The WMO have today released their State of Global Climate in 2016 report, detailing a record global temperature, exceptionally low sea ice, continued sea level rise and increasing ocean temperatures, with extreme weather and climate continuing into 2017.
The authoritative annual statement is based on several international datasets maintained independently by global climate analysis centres, as well as research institutes and national meteorological and hydrological centres.
Image: WMO summary infographic (Source: WMO)
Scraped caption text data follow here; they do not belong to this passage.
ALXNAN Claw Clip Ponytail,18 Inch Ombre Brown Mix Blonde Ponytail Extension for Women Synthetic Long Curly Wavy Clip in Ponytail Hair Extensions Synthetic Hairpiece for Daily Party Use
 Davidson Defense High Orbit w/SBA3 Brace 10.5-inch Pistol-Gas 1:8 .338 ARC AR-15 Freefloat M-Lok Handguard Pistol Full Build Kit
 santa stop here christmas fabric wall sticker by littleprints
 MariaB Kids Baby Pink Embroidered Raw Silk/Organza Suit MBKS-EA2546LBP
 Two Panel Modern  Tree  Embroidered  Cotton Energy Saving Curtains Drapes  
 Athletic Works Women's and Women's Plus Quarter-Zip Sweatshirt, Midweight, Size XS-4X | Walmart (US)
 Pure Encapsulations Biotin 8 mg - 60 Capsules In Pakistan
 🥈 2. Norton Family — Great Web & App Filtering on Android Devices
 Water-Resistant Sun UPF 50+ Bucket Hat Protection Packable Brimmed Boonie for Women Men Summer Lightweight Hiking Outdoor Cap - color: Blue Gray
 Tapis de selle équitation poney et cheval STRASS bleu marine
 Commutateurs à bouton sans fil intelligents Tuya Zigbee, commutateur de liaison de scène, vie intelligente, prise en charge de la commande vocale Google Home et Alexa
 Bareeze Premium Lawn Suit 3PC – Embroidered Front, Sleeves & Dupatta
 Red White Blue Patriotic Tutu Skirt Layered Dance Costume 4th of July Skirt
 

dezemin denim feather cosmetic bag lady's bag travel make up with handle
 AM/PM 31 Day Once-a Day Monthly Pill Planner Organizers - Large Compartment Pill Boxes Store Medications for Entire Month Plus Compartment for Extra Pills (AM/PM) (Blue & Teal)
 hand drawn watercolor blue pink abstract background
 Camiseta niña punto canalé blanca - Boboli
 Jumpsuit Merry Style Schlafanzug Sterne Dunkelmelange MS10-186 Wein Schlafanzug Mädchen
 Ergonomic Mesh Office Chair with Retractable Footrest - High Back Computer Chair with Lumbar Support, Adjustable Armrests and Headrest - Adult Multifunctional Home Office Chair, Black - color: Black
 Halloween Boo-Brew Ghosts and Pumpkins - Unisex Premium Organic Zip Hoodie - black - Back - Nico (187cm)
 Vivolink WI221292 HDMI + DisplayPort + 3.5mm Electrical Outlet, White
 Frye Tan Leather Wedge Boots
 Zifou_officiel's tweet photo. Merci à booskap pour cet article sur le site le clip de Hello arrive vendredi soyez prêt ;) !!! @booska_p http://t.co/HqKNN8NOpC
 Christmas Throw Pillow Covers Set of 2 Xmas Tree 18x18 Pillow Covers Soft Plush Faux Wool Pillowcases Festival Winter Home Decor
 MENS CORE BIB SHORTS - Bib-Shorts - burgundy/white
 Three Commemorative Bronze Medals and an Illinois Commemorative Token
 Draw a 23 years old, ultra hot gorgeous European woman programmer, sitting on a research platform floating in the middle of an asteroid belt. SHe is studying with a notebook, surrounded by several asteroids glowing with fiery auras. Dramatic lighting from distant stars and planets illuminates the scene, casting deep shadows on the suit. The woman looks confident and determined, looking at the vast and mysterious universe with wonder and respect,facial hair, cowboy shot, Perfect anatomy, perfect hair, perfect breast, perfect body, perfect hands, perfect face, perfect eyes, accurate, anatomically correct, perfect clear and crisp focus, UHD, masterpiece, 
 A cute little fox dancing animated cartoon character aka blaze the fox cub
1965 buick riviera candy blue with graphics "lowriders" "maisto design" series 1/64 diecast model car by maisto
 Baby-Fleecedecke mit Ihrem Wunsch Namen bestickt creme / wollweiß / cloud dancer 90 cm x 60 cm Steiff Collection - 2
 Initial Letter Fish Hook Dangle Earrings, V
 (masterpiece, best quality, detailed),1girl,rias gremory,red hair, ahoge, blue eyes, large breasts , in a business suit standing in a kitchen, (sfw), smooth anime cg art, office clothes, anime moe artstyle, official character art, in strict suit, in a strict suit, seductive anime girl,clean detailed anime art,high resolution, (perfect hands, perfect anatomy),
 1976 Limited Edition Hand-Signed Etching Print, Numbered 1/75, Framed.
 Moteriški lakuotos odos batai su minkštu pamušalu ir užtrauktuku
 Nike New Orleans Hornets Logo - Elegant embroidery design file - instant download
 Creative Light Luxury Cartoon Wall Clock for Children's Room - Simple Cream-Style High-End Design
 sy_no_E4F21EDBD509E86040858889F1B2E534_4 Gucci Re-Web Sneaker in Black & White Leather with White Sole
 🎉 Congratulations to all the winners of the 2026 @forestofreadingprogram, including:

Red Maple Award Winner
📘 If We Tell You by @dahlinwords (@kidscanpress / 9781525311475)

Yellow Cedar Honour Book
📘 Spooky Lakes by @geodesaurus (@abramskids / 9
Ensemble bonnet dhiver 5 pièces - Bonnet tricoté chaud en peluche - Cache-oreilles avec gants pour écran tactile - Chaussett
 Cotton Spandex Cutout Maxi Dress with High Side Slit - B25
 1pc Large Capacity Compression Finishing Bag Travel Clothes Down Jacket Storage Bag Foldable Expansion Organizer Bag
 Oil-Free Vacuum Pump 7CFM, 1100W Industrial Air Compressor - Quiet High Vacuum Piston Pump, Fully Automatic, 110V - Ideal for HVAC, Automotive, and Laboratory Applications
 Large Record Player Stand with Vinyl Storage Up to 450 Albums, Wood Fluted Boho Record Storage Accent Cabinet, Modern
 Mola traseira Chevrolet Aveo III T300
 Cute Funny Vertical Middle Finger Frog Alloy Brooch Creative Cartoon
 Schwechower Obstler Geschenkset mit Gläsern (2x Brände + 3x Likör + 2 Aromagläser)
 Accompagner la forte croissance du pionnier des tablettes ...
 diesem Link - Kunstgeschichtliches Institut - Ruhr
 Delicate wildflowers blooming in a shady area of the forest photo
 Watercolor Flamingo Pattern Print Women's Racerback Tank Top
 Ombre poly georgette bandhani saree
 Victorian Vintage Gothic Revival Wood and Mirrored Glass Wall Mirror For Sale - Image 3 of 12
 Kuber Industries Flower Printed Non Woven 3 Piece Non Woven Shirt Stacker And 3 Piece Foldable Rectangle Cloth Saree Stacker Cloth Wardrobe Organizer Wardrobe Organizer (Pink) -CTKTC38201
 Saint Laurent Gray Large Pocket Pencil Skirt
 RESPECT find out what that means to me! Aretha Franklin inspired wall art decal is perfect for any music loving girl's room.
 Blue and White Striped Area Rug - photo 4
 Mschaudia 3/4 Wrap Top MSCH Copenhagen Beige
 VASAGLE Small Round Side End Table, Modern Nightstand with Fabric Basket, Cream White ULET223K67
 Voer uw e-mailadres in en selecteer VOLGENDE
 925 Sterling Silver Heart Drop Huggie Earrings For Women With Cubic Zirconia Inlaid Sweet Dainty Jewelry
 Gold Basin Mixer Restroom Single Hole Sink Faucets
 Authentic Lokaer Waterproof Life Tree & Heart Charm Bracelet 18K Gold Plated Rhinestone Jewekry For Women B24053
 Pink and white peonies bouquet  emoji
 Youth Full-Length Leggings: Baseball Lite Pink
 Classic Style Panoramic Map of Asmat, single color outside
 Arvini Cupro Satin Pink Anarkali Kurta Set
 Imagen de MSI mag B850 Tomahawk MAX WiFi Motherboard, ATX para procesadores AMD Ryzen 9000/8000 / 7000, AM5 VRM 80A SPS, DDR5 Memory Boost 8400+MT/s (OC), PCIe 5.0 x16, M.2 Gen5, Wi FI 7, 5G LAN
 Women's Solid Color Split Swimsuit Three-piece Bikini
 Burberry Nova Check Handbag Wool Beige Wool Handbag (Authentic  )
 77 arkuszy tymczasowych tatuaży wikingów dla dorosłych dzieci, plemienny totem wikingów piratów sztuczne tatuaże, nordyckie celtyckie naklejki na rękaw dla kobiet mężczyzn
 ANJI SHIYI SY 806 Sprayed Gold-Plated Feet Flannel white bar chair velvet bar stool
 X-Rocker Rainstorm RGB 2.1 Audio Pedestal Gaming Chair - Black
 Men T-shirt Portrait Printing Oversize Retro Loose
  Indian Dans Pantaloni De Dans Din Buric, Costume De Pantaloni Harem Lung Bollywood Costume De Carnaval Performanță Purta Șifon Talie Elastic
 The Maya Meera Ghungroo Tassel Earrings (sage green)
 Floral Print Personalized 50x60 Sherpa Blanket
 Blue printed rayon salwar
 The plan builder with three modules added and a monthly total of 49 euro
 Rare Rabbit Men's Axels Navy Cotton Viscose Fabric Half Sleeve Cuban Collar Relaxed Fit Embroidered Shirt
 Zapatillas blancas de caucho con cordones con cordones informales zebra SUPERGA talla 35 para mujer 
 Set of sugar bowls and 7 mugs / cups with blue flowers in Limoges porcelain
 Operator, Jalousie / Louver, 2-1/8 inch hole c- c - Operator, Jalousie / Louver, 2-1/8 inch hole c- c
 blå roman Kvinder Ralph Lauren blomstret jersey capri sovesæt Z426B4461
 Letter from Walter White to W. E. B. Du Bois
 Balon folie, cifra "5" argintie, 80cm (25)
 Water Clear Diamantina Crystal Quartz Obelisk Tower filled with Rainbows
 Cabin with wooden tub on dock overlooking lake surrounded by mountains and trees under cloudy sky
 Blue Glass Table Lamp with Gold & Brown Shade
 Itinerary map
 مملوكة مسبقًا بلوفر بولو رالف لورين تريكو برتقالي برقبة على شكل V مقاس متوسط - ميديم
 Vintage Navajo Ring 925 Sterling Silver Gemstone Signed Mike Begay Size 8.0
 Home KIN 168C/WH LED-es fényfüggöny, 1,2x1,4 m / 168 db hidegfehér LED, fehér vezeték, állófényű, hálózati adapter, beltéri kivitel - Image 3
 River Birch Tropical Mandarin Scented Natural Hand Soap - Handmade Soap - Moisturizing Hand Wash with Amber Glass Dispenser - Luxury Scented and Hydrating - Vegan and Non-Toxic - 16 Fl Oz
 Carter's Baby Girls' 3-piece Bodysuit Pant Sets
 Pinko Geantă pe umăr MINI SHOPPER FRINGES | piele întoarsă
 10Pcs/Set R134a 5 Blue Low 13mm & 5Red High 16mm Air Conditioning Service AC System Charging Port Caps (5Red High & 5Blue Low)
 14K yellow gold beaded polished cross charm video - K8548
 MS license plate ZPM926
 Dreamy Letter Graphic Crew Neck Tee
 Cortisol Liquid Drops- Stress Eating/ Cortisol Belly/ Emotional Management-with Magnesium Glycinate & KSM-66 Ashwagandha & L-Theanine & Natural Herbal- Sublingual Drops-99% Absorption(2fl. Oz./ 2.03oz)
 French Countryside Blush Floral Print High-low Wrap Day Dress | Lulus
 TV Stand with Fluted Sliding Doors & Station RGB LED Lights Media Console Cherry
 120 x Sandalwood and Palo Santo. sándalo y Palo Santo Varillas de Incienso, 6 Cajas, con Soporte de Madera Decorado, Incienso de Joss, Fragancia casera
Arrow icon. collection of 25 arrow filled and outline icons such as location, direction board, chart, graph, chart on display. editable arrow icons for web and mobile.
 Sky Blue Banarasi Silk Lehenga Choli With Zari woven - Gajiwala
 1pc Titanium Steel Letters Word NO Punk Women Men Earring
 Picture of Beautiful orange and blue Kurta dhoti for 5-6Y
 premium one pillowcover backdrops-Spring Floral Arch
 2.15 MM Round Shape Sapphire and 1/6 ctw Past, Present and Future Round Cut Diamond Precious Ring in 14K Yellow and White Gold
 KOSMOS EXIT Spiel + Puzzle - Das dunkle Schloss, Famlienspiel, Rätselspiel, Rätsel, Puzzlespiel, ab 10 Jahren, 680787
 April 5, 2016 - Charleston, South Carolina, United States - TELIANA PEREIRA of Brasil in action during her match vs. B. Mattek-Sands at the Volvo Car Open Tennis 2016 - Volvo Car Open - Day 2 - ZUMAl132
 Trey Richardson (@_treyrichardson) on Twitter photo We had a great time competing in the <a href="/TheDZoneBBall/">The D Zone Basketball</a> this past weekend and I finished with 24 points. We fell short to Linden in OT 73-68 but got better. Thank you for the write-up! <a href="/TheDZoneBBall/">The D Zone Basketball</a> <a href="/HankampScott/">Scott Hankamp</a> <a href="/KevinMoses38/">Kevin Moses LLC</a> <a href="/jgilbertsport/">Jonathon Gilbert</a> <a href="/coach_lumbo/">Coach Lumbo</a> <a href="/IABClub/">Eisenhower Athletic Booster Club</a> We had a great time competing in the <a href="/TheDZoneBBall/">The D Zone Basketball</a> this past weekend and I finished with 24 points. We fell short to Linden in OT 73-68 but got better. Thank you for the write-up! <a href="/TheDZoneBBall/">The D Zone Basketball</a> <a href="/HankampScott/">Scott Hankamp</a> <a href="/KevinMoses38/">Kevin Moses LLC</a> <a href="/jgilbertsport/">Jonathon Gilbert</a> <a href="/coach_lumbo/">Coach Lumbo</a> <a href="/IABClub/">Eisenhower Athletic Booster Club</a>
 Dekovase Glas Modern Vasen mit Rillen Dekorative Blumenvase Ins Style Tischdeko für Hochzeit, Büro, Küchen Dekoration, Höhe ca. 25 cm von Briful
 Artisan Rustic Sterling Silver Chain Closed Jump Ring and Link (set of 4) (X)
The report confirms that 2016 was the warmest on record – 1.1oC above the pre-industrial period and 0.05oC above the previous record set in 2015. Furthermore, each of the 16 years since 2001 has been at least 0.4°C above the long-term average for the 1961-1990 base period, used by WMO as a reference for climate change monitoring.
Image: Plot showing globally-averaged temperature anomalies by year (Source: WMO)
The combinations of powerful computers and long-term climate data enable scientists to demonstrate the links with long-term climate change caused by greenhouse gas emissions. Carbon dioxide levels in the atmosphere reached the symbolic benchmark of 400 parts per millions in 2015 and will not fall below that level for many generations due to the long-lasting nature of CO2. The powerful 2015/2016 El Niño event boosted global temperatures in 2016, with temperatures in strong El Niño years typically 0.1°C to 0.2°C warmer than background levels.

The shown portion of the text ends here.